Ethiopia - Situation Report, 05 Aug 2022



  • 16.99 million people targeted for assistance in drought affected areas for the second half of the year, a rise from 8.1 million people targeted in the first half of the year.

  • More than 1.7 million people will be affected including more than 407,000 people at risk of displacement due to the anticipated flooding, according to the Flood Contingency Plan.

  • Only 15 per cent of cash needs for humanitarian operations entered Tigray since July 2021.

  • On 27 July, a crossline humanitarian convoy entered Abergele, Tsagbji and Ziquala woredas in Wag Hamra Zone in Amhara to deliver food assistance, for the first time in over a year.
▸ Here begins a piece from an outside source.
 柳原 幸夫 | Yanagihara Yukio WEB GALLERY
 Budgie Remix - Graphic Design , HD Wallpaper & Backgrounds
This is OCHA Ethiopia bi-weekly digital Situation Report covering the humanitarian situation, needs, response and gaps country-wide. The weekly Northern Ethiopia Situation Report has been discontinued and will be included in this report. This report is prepared with the support and collaboration of cluster coordinators and humanitarian partners. In some cases, access and communication constraints mean that updates for the period are delayed and cannot be reflected. Boundaries, names, and designations of districts/zones indicated in the report do not imply official endorsement or acceptance by the United Nations. Please contact for any comment or question you may have on this publication.

Situation Overview

The overall humanitarian situation in Ethiopia has significantly deteriorated in 2022 leading to increased humanitarian needs across the country due to ongoing conflict and violence, and climatic shocks such as the prolonged drought. More than 20 million people are to be targeted for humanitarian assistance and protection this year. Nearly three quarters of them are women and children.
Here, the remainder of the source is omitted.